The first main difference between accounts receivables and income is where these numbers are recorded, and on which report. Accounts receivables are reported and seen on your Balance Sheet and income is reported and seen on the Profit and Loss. Accounts receivables are viewed as an asset of your company, in that accounts receivables represent money owed to you, but you have not received it yet. The reason that we want to record these is so that you have the entire value of your company. The Balance Sheet, where accounts receivables are recorded is what shows you the assets, liabilities and equity of your company, basically the value of your company. Income is something that we now have in hand, represents what is happening daily, weekly and monthly and is not considered an asset. Just like expenses are not considered a liability. You might look at it like past vs. future. The assets and liabilities represent what is owed you and what you owe, the income and expense represent what you have been paid and what you have paid out. We have covered the Profit & Loss statement and how to use this.
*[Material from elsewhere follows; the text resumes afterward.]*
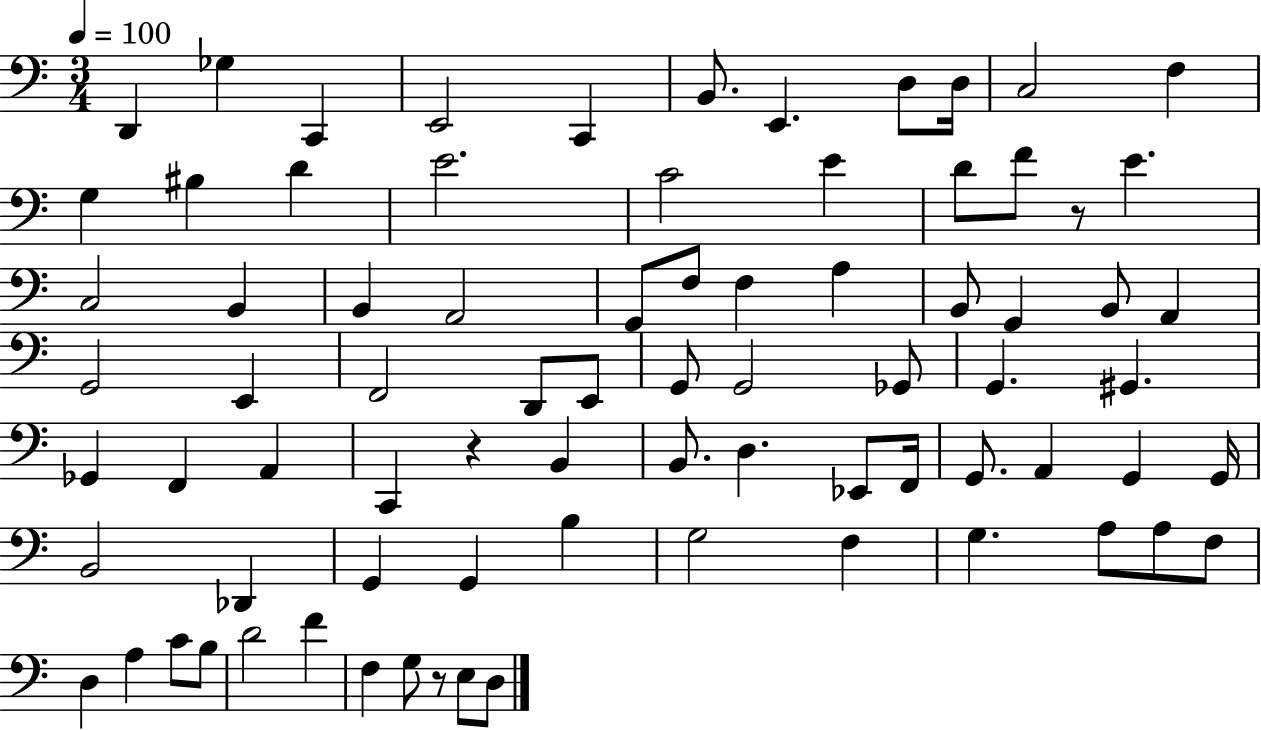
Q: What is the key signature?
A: C major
We now want to have a clear understanding of how to record your accounts receivables and your income, so that you do not do duplicate entries inadvertently, throwing your books off and giving you a skewed picture of your company.
If your company operates on a cash basis, in other words, you do not do billings to your clients, you just have sales receipts and whatever you get in for the day that is all you have to record, then all you will be doing is reporting income and making deposits and you will not have any accounts receivables. When you enter your income, you will do this by making sales receipts in QuickBooks, not invoices. You will still have to enter deposits the same way as a company that does accounts receivables, but you will not have to do invoices. We will go over making deposits later on in this article.
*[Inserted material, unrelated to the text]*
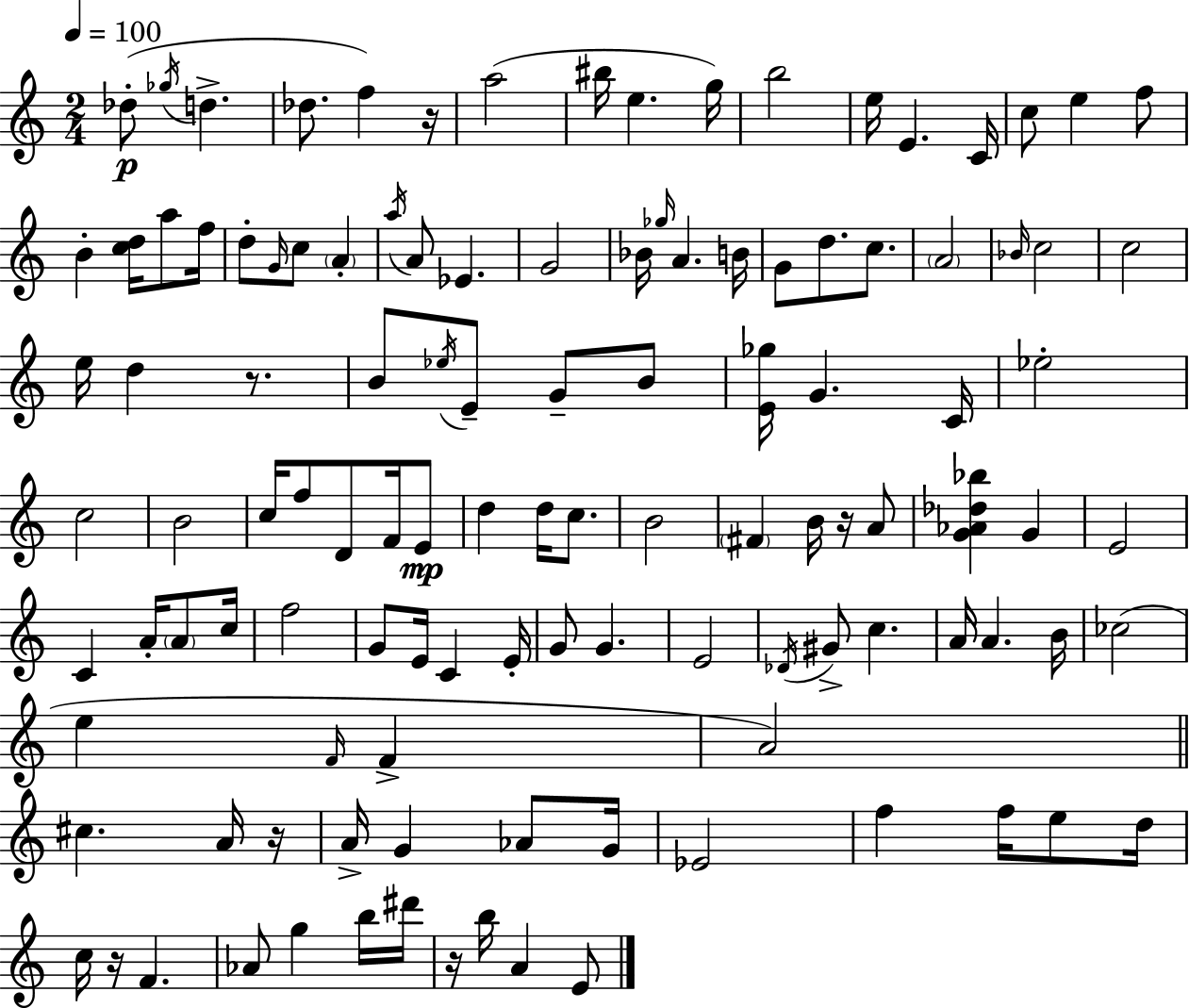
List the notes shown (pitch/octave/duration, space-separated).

Db5/e Gb5/s D5/q. Db5/e. F5/q R/s A5/h BIS5/s E5/q. G5/s B5/h E5/s E4/q. C4/s C5/e E5/q F5/e B4/q [C5,D5]/s A5/e F5/s D5/e G4/s C5/e A4/q A5/s A4/e Eb4/q. G4/h Bb4/s Gb5/s A4/q. B4/s G4/e D5/e. C5/e. A4/h Bb4/s C5/h C5/h E5/s D5/q R/e. B4/e Eb5/s E4/e G4/e B4/e [E4,Gb5]/s G4/q. C4/s Eb5/h C5/h B4/h C5/s F5/e D4/e F4/s E4/e D5/q D5/s C5/e. B4/h F#4/q B4/s R/s A4/e [G4,Ab4,Db5,Bb5]/q G4/q E4/h C4/q A4/s A4/e C5/s F5/h G4/e E4/s C4/q E4/s G4/e G4/q. E4/h Db4/s G#4/e C5/q. A4/s A4/q. B4/s CES5/h E5/q F4/s F4/q A4/h C#5/q. A4/s R/s A4/s G4/q Ab4/e G4/s Eb4/h F5/q F5/s E5/e D5/s C5/s R/s F4/q. Ab4/e G5/q B5/s D#6/s R/s B5/s A4/q E4/e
If you do bill your clients, no matter what the payment terms, then you will need to create invoices and then apply payments when the checks come in to pay a particular invoice. A common mistake made in QuickBooks is to create an invoice, and then also make a deposit, and never apply the payment to the invoice. The problem with this is that you have now entered the income twice in your books, once when you entered the invoice, and once when you made your deposit. When you enter an invoice in QuickBooks, QuickBooks is making an entry in accounts receivables account and also in your income account. When you make a deposit without going thru and applying the payment to the invoice, you also make another entry to the income account. So in order to prevent this duplicate entry, click on invoices in QuickBooks to create your invoice. Then when a check comes in, click on "Receive Payments" and then QuickBooks will give you the option to apply the payment to the proper invoice. Once you have applied all the payments to the invoices, then you will go back to the home page and click on Make Deposits. You will get a screen that pops up with all the checks you have entered. You click on all the checks you are entering on your actual deposit slip and then follow the prompts to enter the deposit into QuickBooks as a total. So in other words, if you have 5 items/checks that you are depositing, and they total $5043, then when you are in the make deposit screen, and you have clicked on all 5 items in QuickBooks that match your actual deposit slip, then the deposit total should match what you are about to take to the bank. This will make bank account reconciliations simple. Your total deposit listed in QuickBooks should always match what the bank will be recording when you take the actual deposit in.
If you are doing cash basis accounting and entering sales receipts, all you have to do is click sales receipts, make your sales receipts, and then once all of them are entered, you also click on Make Deposits and do the same thing as explained above.
So whether you do cash basis accounting with sales receipts or Accrual based accounting with invoices, you will Make Deposits the same.
Hopefully you have found this helpful in the recording of your income and your accounts receivables and what the differences are. In a future article, we will discuss how to read and use your Balance Sheet.